=== Work task ===
From the first line to the last, write out the records exactly, leaving the pictures behind.

=== Record set ===
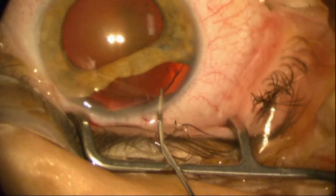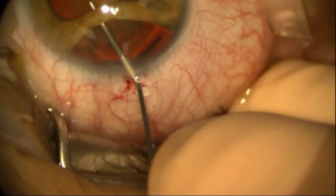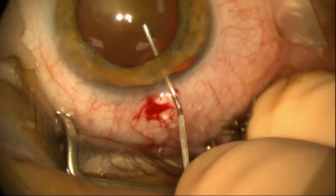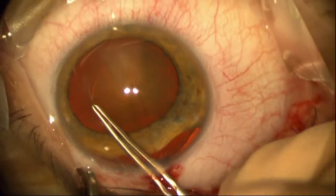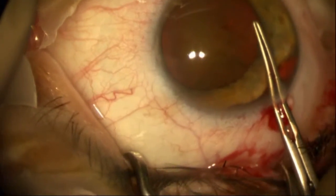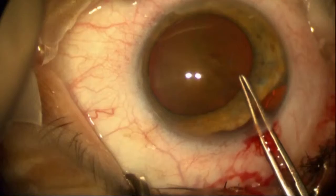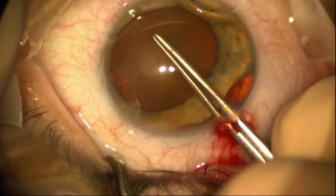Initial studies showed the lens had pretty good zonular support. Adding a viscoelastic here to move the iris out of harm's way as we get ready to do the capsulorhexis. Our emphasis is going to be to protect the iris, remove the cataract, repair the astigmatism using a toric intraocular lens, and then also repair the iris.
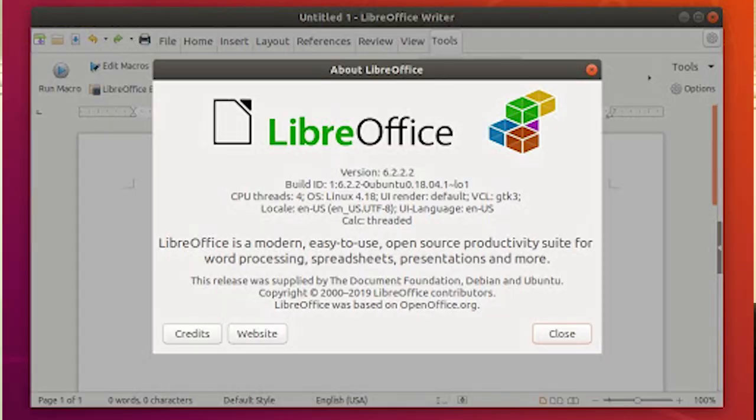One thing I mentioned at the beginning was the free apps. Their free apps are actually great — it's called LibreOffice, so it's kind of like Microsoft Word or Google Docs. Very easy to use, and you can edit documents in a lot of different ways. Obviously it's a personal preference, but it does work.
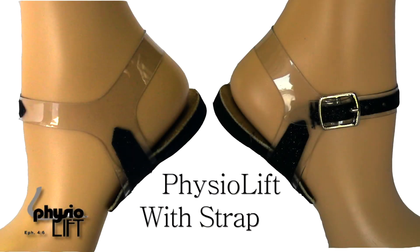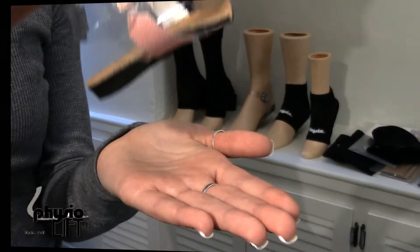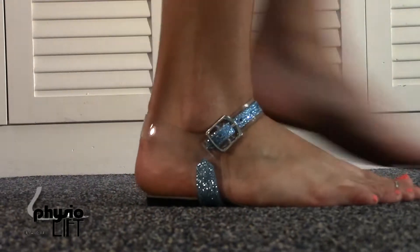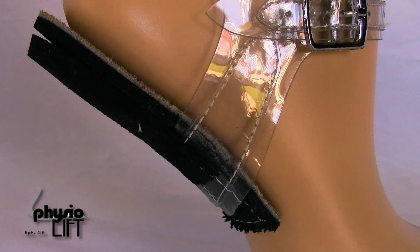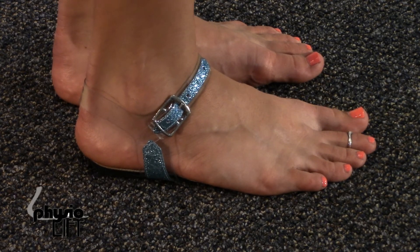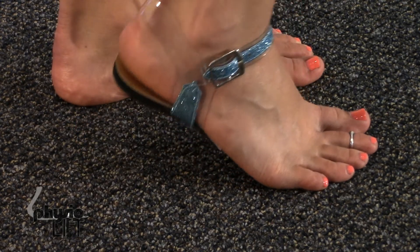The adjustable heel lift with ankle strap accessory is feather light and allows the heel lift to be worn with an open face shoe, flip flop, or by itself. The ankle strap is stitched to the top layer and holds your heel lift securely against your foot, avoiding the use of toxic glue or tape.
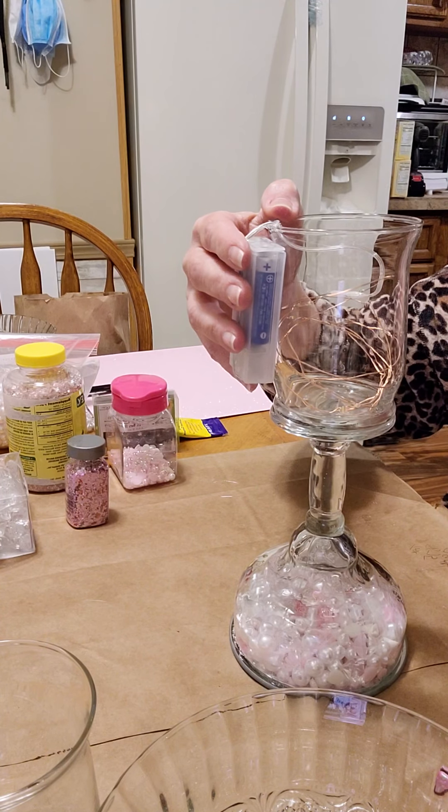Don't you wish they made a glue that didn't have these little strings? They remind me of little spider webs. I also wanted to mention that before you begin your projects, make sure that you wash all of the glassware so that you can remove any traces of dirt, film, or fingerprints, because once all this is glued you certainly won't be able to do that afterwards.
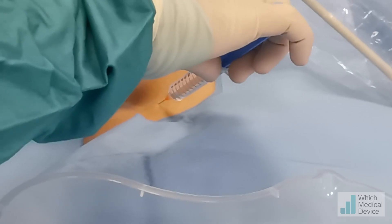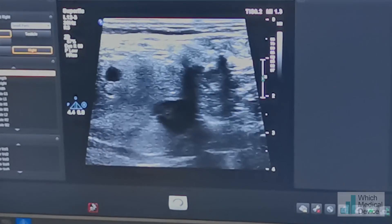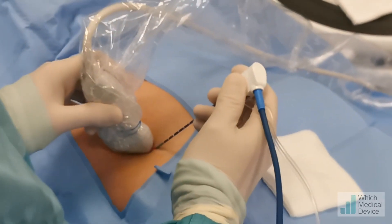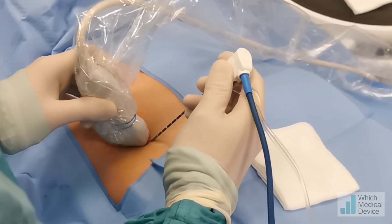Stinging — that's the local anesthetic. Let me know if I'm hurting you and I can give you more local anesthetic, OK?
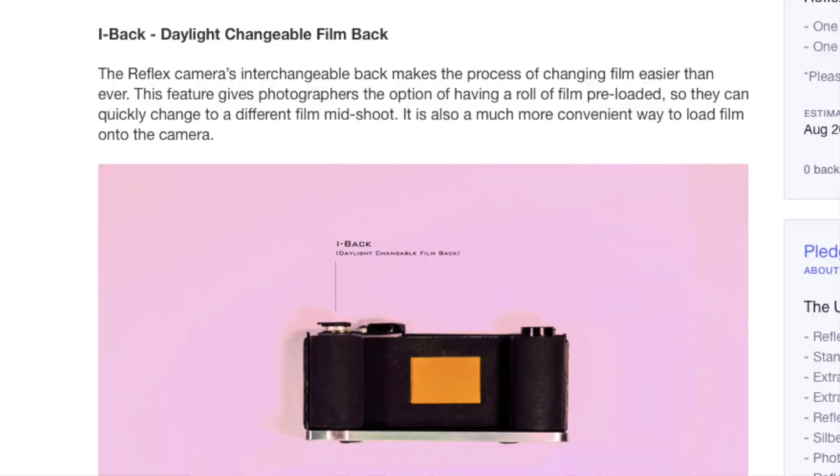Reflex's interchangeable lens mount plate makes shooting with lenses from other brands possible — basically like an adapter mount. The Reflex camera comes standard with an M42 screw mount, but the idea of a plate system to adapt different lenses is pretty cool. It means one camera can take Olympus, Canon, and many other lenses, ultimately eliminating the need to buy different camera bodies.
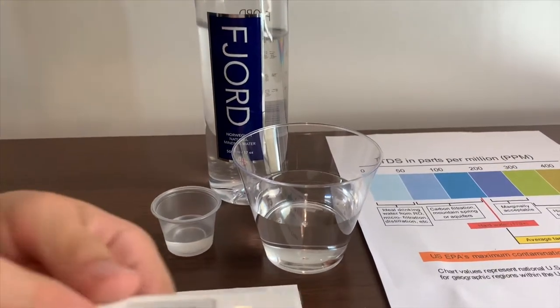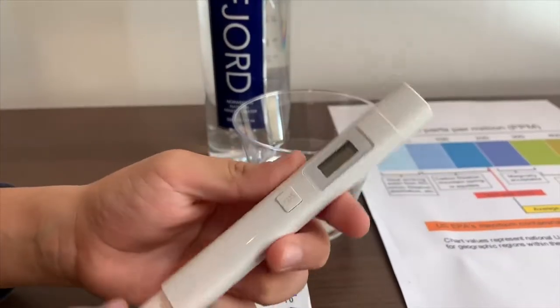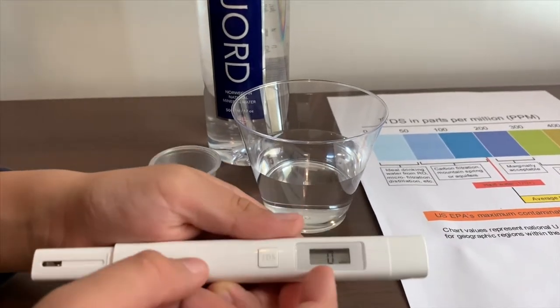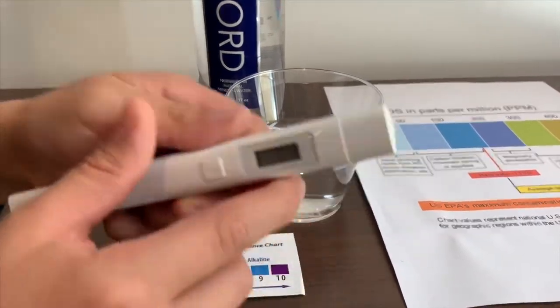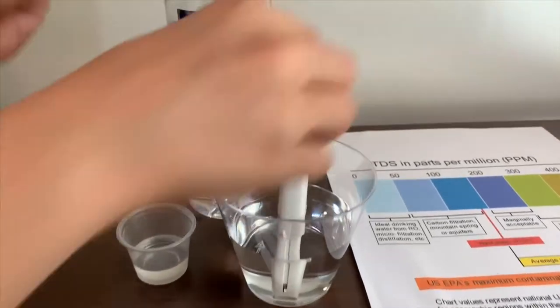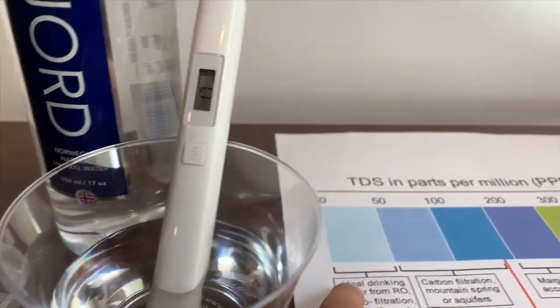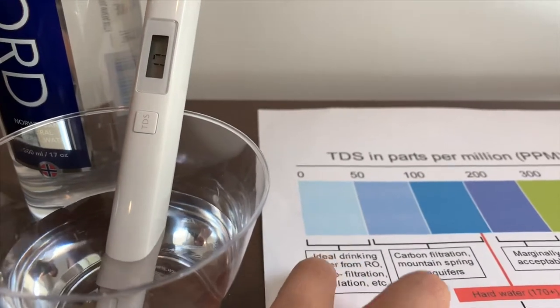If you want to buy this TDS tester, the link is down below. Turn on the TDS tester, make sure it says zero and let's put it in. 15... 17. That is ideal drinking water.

=== Answer to this problem ===
Initial studies showed the lens had pretty good zonular support. Adding a viscoelastic here to move the iris out of harm's way as we get ready to do the capsulorhexis. Our emphasis is going to be to protect the iris, remove the cataract, repair the astigmatism using a toric intraocular lens, and then also repair the iris.
One thing I mentioned at the beginning was the free apps. Their free apps are actually great — it's called LibreOffice, so it's kind of like Microsoft Word or Google Docs. Very easy to use, and you can edit documents in a lot of different ways. Obviously it's a personal preference, but it does work.
The adjustable heel lift with ankle strap accessory is feather light and allows the heel lift to be worn with an open face shoe, flip flop, or by itself. The ankle strap is stitched to the top layer and holds your heel lift securely against your foot, avoiding the use of toxic glue or tape.
Don't you wish they made a glue that didn't have these little strings? They remind me of little spider webs. I also wanted to mention that before you begin your projects, make sure that you wash all of the glassware so that you can remove any traces of dirt, film, or fingerprints, because once all this is glued you certainly won't be able to do that afterwards.
Stinging — that's the local anesthetic. Let me know if I'm hurting you and I can give you more local anesthetic, OK?
Reflex's interchangeable lens mount plate makes shooting with lenses from other brands possible — basically like an adapter mount. The Reflex camera comes standard with an M42 screw mount, but the idea of a plate system to adapt different lenses is pretty cool. It means one camera can take Olympus, Canon, and many other lenses, ultimately eliminating the need to buy different camera bodies.
If you want to buy this TDS tester, the link is down below. Turn on the TDS tester, make sure it says zero and let's put it in. 15... 17. That is ideal drinking water.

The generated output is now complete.